Tier 3 Integration Program (Doug Benjamin, Rik Yoshida)

References
  • The link to ATLAS T3 working groups Twikis are here
  • Draft users' guide to T3g is here
last week(s):
  • Six or seven sites are in the process of coming up. Stony Brook, Irvine, Iowa, Columbia, ...
  • Panda-T2 not quite working. Alden: there was a cert issue at Brandeis, should be fixed. There may be other bugs behind it, waiting on other information. Submit hello-world job to test.
  • Started discussion w/ OSG re: security. Felt the information from recent security incidents was too technical.
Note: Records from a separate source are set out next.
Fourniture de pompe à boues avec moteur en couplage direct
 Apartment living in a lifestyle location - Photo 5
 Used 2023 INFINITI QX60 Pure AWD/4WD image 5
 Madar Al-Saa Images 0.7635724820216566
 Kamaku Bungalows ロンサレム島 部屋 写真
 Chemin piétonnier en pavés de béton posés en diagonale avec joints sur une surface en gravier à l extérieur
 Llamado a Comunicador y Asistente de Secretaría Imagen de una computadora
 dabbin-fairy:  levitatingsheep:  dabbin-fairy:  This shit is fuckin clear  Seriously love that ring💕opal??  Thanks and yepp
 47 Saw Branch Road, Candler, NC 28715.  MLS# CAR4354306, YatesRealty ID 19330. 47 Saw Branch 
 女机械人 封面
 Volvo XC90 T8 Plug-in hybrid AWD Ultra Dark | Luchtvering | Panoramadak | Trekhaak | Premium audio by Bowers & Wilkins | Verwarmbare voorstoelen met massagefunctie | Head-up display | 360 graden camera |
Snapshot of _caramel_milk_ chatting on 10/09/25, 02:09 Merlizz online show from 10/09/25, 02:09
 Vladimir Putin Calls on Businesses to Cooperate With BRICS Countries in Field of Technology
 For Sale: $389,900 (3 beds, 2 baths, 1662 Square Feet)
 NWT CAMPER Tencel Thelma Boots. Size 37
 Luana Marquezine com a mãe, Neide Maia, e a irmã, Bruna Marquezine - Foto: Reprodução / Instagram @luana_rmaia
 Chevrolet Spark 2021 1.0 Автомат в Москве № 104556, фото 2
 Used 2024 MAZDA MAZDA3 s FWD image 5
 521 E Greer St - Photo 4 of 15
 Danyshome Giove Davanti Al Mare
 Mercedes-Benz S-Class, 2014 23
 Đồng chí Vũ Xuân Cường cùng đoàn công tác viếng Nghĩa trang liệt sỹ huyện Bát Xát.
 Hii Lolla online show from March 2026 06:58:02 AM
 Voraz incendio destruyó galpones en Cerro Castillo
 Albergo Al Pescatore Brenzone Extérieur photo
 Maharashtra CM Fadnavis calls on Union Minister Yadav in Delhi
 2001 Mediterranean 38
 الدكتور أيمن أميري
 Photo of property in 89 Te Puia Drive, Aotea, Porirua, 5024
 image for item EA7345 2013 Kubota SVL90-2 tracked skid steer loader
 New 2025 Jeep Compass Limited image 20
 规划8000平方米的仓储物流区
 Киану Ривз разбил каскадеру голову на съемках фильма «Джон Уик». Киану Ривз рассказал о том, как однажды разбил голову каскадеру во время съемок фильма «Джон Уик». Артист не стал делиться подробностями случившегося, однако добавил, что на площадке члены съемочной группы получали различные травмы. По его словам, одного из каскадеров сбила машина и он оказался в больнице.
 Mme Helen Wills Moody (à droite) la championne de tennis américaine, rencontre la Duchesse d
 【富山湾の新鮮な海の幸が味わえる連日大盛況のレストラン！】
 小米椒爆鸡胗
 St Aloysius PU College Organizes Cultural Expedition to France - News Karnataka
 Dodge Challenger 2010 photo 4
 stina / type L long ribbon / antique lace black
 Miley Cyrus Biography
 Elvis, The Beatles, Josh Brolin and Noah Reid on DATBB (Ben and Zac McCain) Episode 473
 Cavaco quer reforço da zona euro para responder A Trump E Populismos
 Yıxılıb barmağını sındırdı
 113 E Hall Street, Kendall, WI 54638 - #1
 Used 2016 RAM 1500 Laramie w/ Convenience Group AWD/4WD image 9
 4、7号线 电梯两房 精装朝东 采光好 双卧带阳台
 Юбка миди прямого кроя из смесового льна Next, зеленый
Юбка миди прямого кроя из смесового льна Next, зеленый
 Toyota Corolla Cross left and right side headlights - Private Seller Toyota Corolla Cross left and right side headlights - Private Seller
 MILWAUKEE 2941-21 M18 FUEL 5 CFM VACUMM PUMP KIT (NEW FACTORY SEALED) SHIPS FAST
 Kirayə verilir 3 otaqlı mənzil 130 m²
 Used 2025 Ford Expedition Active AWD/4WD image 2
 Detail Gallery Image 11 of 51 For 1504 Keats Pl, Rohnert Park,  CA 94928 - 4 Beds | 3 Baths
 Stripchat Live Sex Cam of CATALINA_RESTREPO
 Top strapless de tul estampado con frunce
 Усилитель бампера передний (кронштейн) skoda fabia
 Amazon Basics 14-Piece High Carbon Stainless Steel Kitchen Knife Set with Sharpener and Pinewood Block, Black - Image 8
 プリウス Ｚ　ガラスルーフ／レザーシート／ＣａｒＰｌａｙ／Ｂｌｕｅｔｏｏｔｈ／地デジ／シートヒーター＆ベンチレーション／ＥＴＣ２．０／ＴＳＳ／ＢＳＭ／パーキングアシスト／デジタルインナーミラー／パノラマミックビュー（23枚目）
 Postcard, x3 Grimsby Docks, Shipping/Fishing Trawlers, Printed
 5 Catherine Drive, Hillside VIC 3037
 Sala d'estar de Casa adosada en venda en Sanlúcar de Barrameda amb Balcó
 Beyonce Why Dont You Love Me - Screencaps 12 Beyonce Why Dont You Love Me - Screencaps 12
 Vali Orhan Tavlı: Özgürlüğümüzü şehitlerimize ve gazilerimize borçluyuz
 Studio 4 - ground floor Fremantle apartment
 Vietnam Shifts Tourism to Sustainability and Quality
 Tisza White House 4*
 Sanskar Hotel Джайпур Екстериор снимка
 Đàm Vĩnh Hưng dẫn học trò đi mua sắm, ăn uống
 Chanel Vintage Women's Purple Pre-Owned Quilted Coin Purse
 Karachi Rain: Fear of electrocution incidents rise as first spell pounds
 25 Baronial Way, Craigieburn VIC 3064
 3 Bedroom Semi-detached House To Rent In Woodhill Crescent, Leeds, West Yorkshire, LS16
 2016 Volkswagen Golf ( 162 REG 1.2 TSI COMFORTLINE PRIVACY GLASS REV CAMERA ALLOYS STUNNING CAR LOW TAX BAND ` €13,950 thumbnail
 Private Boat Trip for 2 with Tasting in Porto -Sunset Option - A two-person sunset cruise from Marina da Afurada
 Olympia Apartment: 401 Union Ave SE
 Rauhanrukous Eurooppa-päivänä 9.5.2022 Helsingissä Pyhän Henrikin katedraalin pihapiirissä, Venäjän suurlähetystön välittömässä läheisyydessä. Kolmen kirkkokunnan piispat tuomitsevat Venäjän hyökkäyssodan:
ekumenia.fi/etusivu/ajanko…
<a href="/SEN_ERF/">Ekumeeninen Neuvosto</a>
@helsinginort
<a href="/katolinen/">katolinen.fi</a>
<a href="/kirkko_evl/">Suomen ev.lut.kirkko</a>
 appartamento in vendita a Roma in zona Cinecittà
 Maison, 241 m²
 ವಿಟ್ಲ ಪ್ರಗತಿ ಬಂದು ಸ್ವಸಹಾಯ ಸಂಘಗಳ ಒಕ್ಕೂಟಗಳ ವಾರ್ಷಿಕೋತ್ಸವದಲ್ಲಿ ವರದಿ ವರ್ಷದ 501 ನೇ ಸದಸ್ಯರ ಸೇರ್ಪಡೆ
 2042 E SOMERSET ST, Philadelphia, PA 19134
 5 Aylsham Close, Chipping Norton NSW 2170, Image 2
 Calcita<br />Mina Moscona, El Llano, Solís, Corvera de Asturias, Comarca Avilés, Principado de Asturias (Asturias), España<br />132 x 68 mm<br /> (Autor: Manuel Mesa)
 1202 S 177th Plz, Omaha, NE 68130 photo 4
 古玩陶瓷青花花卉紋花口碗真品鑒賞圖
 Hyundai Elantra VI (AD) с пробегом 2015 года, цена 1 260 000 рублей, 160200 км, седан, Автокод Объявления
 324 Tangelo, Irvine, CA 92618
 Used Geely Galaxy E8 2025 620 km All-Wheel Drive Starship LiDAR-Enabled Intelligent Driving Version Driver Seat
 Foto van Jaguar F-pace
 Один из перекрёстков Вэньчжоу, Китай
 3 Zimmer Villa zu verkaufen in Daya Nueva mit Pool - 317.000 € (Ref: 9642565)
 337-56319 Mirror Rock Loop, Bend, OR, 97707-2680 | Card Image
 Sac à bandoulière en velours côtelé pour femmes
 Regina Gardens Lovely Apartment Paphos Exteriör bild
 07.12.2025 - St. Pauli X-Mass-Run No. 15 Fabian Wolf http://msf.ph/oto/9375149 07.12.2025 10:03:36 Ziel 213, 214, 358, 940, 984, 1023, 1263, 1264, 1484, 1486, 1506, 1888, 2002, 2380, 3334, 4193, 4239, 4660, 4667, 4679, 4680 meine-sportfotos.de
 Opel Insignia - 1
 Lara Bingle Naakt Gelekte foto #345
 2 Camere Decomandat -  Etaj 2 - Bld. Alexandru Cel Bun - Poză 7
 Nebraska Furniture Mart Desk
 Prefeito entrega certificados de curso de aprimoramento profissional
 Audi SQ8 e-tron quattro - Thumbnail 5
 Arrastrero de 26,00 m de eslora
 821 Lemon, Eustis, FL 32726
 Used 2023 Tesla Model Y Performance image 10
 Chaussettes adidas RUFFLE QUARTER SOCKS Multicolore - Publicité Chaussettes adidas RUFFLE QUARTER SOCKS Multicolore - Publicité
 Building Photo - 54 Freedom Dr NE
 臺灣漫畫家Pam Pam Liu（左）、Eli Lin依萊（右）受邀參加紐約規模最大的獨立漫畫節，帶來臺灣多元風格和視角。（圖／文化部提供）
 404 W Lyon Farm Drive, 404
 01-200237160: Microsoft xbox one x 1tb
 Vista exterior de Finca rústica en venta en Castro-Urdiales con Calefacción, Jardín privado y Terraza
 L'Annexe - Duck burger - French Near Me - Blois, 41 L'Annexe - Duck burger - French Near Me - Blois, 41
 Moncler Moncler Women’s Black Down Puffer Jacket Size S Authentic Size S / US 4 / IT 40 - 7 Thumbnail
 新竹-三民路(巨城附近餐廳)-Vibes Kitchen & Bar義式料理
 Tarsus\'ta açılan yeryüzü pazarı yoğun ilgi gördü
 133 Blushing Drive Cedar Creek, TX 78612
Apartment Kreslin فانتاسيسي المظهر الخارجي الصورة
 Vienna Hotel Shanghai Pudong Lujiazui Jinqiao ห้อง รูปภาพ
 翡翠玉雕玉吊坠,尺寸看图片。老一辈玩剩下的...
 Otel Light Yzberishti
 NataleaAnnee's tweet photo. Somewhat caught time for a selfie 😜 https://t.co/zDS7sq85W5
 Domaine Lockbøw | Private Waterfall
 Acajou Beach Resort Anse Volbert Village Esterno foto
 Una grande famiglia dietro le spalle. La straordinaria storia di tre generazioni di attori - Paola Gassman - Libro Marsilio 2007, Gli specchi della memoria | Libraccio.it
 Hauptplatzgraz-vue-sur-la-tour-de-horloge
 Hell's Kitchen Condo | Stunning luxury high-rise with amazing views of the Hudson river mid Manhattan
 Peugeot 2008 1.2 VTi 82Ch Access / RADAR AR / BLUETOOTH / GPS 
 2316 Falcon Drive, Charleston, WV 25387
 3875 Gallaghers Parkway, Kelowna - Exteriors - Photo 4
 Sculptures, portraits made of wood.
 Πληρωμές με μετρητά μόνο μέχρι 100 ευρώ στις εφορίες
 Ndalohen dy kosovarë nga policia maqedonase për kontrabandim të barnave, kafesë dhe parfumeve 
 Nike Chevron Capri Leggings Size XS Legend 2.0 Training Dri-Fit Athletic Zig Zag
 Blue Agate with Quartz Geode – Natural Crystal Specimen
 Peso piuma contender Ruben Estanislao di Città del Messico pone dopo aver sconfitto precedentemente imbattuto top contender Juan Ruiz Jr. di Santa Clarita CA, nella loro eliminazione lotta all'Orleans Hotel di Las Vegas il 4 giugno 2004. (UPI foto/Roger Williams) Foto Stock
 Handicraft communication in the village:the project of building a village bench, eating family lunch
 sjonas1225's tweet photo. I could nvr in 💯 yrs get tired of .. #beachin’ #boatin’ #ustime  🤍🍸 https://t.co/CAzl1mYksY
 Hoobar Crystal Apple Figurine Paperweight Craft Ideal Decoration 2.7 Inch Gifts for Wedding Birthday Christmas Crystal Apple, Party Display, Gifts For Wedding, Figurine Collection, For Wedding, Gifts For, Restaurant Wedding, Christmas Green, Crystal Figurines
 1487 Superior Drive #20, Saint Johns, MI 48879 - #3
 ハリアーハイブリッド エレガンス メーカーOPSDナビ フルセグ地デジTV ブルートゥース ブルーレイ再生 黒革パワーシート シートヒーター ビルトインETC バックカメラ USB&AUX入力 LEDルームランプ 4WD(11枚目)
Discussion for new workflow - OSG security informs Doug, then a T3G? specific communication will be created, then sent back to OSG-security for dissemination. Rik: wants the message to be very targeted. Horst: the part-time physicist-admin needs to respond.
  • Xrootd - we have a configuration, as a first step. Now in second stage for on-site data management, as well as transfer of data from the outside.
  • Demonstrator project - want to make sure recommendations for Tier 3's will be compatible with a federated structure. Doug will visit Andy and Wei and SLAC.
  • Doug: need some documentation for dq2-FTS - installing the plugin.
  • Buffer space has a stand-alone data server. You can specify a directory path according to the namespace convention. A python script will be put into the SVN repository.
  • (Hiro will change the plugin to follow the convention)
  • Hiro has setup the FTS monitoring
this week:
  • Lining up examples for analysis - Nils working at ANL for three days. Amir's n-tuple example on Tier 3.
  • Desy has large n-tuple benchmark package - adapting this as well.
  • Tier3-Panda - has an account at Argonne, working.
  • Doug at SLAC - working on the next T3 xrootd configuration; needs to be synchronized with the VDT rpm
  • Doug will work with Yu Shu to use Puppet.
  • All the scripts are in SVN at CERN, head node installation has been tested by Doug; worker-node installation has been tested.
  • Twiki security policy creating access problems
  • Yale is having problems with client tools - will look into gridftp-FTS
  • dq2-ls and dq2-get will go into the next release candidate, before December
  • CERN IT plus Dubna developers are starting a development effort for T3s.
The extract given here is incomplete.